I’d spent the afternoon being pleased that, even in such a popular area, it was possible to walk alone – indeed, I hadn’t met another person since leaving the Saddle Tor car park much earlier. Now, however, I wanted other people – more specifically, I wanted the ice-cream van; I had money in my bag and could buy ice-cream. Or a cold drink. Or both…
I thought I remembered that the vans left the car parks on the moor at 5:00, but looking at my watch, it was just past that time – perhaps they left later in the Summer at 5:30, or even 6:00. I checked the OS map on my phone, which showed a track heading north east and down, leaving a long walk back along the road. So given the time, and my thirst, I decided it would be quicker to head directly cross country, keeping the van in sight all the way and watching the time.

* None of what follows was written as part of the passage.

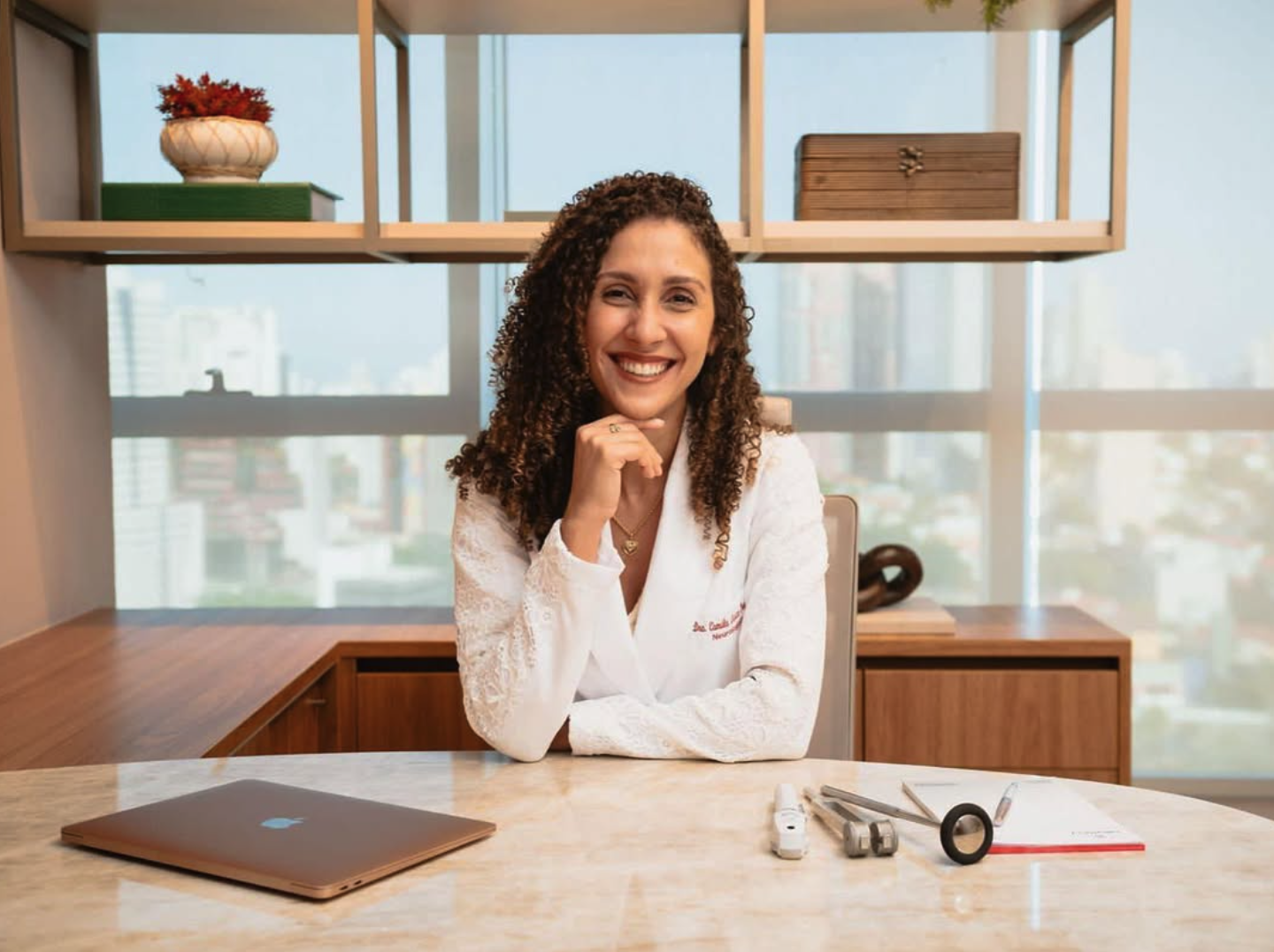 Dra. Camila Orrico, neurologista, em seu consultório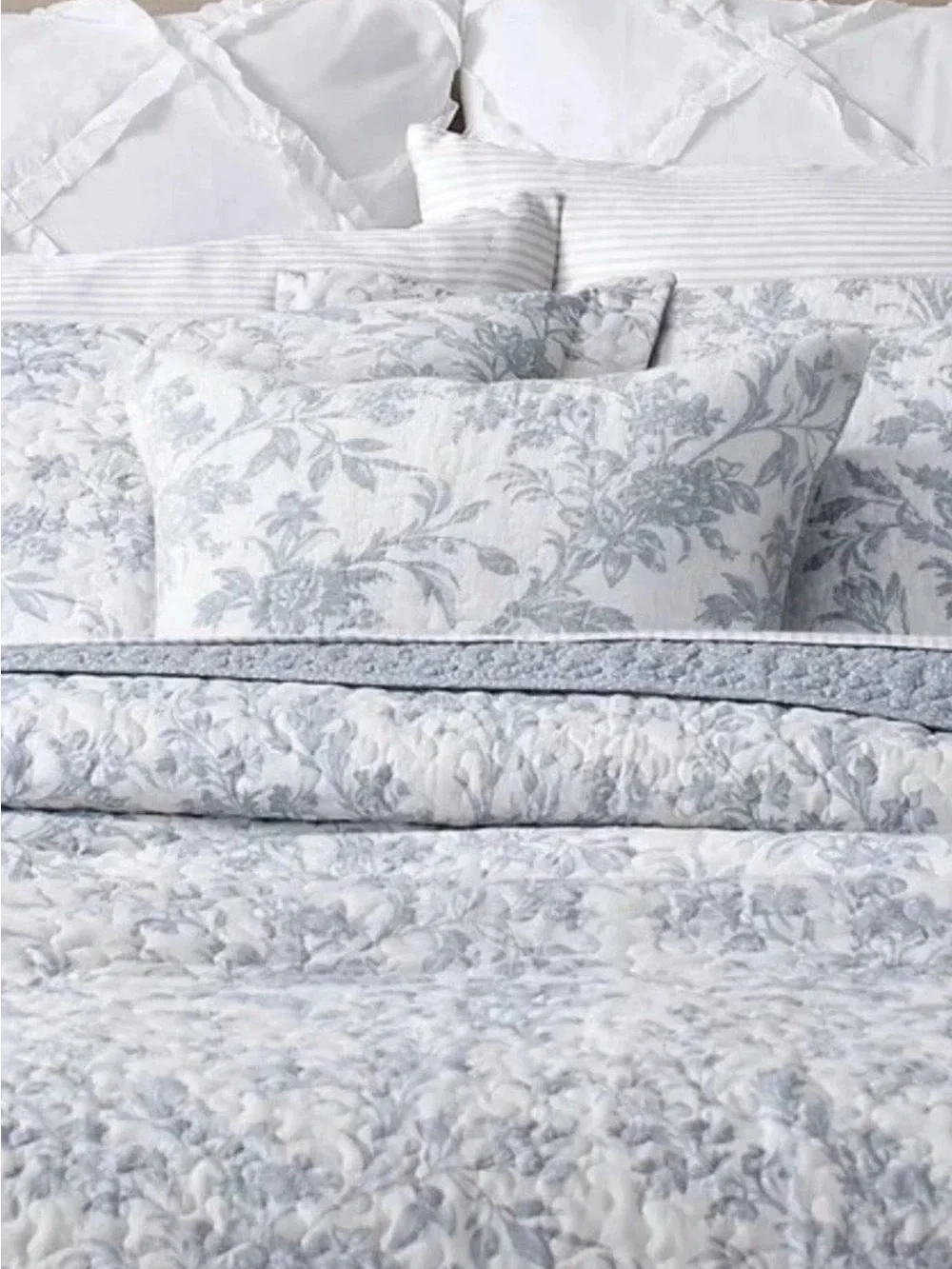 Elegant 4-Piece King Blue Amberley Floral Quilt Set Reversible Bonus ThrowPillow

Which quickly brought me to my present position on the floor of the valley, standing on a small tussock of grass and reeds in the middle of a marsh. I should have known better – when the map shows a stream draining through a shallow basin, its going to be damp. Still, my only consolation was that the ice cream van was still there, so, bringing Macbeth to mind (“I am in blood stepped in so far that, should I wade no more, returning were as tedious as go o’er”) I pushed on damply, eventually emerging at the foot of a hill leading towards the car park.
As I climbed, the convex nature of the hill meant the van disappeared from sight, so I walked as quickly as possible, even more keen to reach it than before. If I were writing purely for effect, I would tell you now that, as I crested the hill and could see the car park again, I was able to watch the van drive sedately out of the car park and disappear down the hill. But that’s not what happened.
No, as the car park came into view across another unexpected stretch of marsh, the van was simply not there. In the 10 minutes it had been out of sight, at some time between 5:30 and 6:00, it had left. Dejected, I looked at the stretch of marsh ahead , which was short. A path led up to the left, crossed above the wet section and down to the opposite side. I was tired, I was hot – I went straight across.
Wetter than before, I stood in the car park, where the van had been parked, among lots of people. Despite my disappointment, my dampness and my thirst, it had been a great walk. Longer than expected but making the best (apart from the last bit) of a busy part of the moor, with a lot crammed into 10 miles.
In the distance, across Haytor Down, I could see my car on the horizon, alone in another car park – there appeared to be a direct way across to it.
I took the long way around, along the road.